* [What you should do] Please set down exactly the lines from the one containing "Unicorn Escapes from" through the last line of the records below, both included, with no pictures.

* [Scraped caption text data]
BEGIN

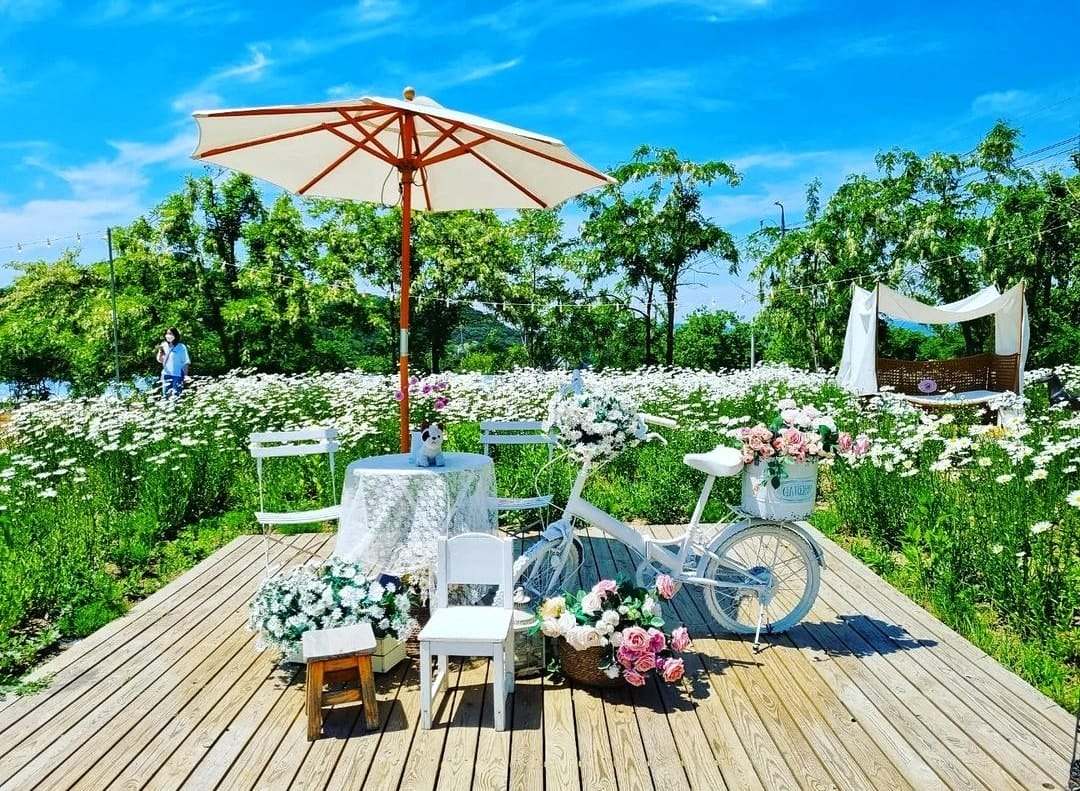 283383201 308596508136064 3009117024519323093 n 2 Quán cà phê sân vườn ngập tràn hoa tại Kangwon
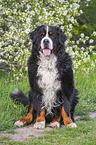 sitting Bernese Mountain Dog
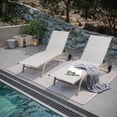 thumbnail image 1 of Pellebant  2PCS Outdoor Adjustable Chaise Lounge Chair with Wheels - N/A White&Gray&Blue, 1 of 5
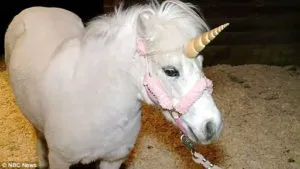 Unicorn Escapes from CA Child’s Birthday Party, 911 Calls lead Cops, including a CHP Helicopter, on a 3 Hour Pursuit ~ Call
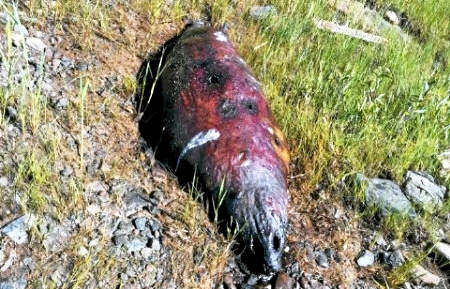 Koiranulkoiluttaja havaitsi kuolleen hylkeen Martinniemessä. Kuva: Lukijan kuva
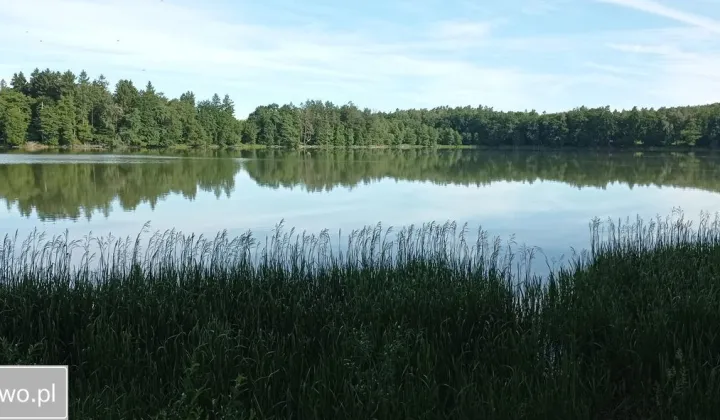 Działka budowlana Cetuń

END

* [Written response]
 Unicorn Escapes from CA Child’s Birthday Party, 911 Calls lead Cops, including a CHP Helicopter, on a 3 Hour Pursuit ~ Call
 Koiranulkoiluttaja havaitsi kuolleen hylkeen Martinniemessä. Kuva: Lukijan kuva
 Działka budowlana Cetuń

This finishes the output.